No entanto, nas narrativas hegemônicas sobre violência contra a mulher nem sempre os marcadores de raça são colocados em análise, num movimento que apaga precariedades vividas pelas mulheres negras5. Esse silenciamento é um dos perversos efeitos do mito da democracia racial que vem mantendo a cegueira, sobretudo da branquitude, sobre o racismo cotidiano e estrutural e nos coloca frente a um modelo universal e colonizado de mulher que pouco se aproxima da realidade em que vivemos, sendo pertinente o questionamento de Sueli Carneiro (2003): “afinal, que cara tem as mulheres deste país?” (p. 15)
Nas entrevistas com as(os) profissionais, as falas em relação à questão racial foram, em muitos momentos, ambíguas, mesclando informações mais técnicas, mas também associadas a formulações do senso comum. Diante dessas nuances, intensificadas nas polarizações políticas atuais, a análise é sempre difícil. A fala de Sofia carrega essa tensão. Ao mesmo tempo em que relata que o racismo é um ponto central na produção de desigualdades, tem também um tom de associar raça à violência, além de haver uma noção de impossibilidade de mobilidade social e de escolaridade que parece colocar a responsabilidade nos próprios sujeitos ao invés de compreendê-la enquanto efeitos de desigualdades sociais e estruturais
É, no Brasil a gente tem a vinculação de raça com desigualdade, as pessoas têm menos oportunidades por causa da cor da pele e aí elas vivem assim, sabe? Tipo uma continuidade de desigualdade. Seus pais são negros, eles não têm condição, vão morar num aglomerado com baixas condições de escolaridade, aí você vai nascer uma pessoa negra, cê vai se relacionar com pessoas negras, cê vai se casar, e aí vira um ciclo de desigualdade e de raça. Negra. Que ninguém questiona raça branca. E eu acho que existe essa vinculação negra de violência só que não só no feminicídio, no homicídio comum a maioria das pessoas também são negras e quem mata são pessoas negras. Então, tipo assim, tanto no feminicídio quanto no homicídio pessoas negras estão matando pessoas negras.
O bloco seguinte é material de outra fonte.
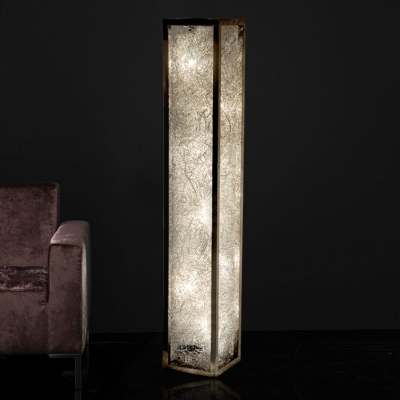 Aluminum Wire Adorned Long Standing Rectangle Floor Lamp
Eu acho que por ser vinculado, um crime muito vinculado, é o crime mais violento, ser vinculado com a desigualdade, eu acho que tá crescendo. (Sofia)
Além disso, em outro momento da entrevista, Sofia analisa a política de segurança pública nesses termos: “a polícia militar é uma polícia ostensiva, ela tá lá pra prevenir o crime. Então na política de segurança, quanto mais policial na rua fardado, mais prevenção de crime cê vai ter [grifo nosso]” (Sofia). A partir dessa fala há uma crença na efetividade do combate aos homicídios por tráfico de drogas, sem levar em consideração que a forma como vem sendo executada a política de drogas se aproxima mais de uma política de morte contra corpos negros que de uma política de proteção à vida ou de prevenção à criminalidade. Entretanto, no trecho a seguir fica nítida a necessidade de mudança nas condições que antecedem o feminicídio e na estrutura das políticas públicas de proteção e prevenção à violência contra a mulher.
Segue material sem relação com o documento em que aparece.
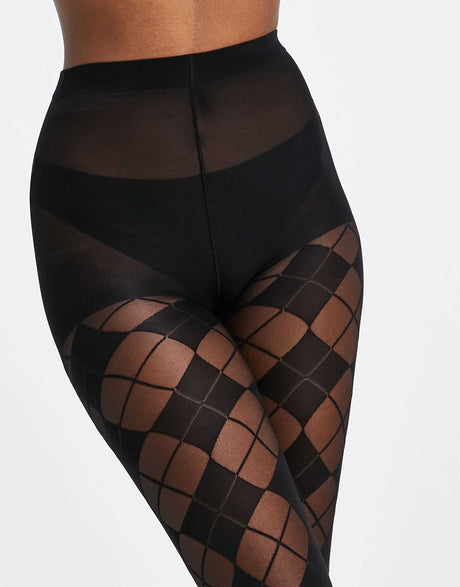 Asos Design 30 Denier Argyle Check Tights In Black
O feminicídio não vai prevenir, sabe? Porque por exemplo, cê tem um homicídio por tráfico, a maioria deles são assim: tem uma política de combate ao tráfico, então combatendo o tráfico cê vai diminuir o índice de homicídio por tráfico. Aí tem o feminicídio, que são questões de dominação masculina, de violência doméstica. Ninguém previne a causa, sabe? A delegacia de mulheres, se cê for na delegacia de mulheres dá tristeza. (Sofia)
A ideia de proporcionalidade entre quantidade de policiais na rua e segurança talvez faça sentido se focalizarmos a quem se direciona a proteção. Essa reflexão deve, necessariamente, considerar a raça como produtora das categorias de sujeitos protegidos e sujeitos alvo que, consequentemente, mantém uma hierarquia de vidas que são dignas de serem vividas, preservadas e lamentadas (Butler, 2016). Assim, temos a realidade de que pessoas brancas são constantemente protegidas em detrimento do extermínio de quem historicamente é colocado à margem: “o genocídio é o preço a se pagar pela segurança do cidadão de bem” (Gaspar & Oliveira, 2020, p. 22).
Quando um corpo negro é estirado no chão, a primeira constatação do 'estado brasileiro genocida'é celebrar o fim de um suspeito. Menos um suspeito no Brasil. O país do cidadão de bem irá seguir mais seguro. Menos um corpo negro no mundo. A escória sendo exterminada. O governo federal genocida celebra o fim de mais um vagabundo-favelado-futuro-criminoso. A prevenção do estado brasileiro genocida é dar fim aos modos de vida. A preservação da vida vem por meio do fuzil. (Miranda, 2020, p. 49)
Durante as entrevistas o mito da democracia racial se materializou em algumas das falas dos participantes. Ainda, a fala de Bruna carrega certo desconhecimento do fato que, pela classificação vigente no Brasil e utilizada pelo IBGE, a categoria negra abarca tanto pretos quanto pardos.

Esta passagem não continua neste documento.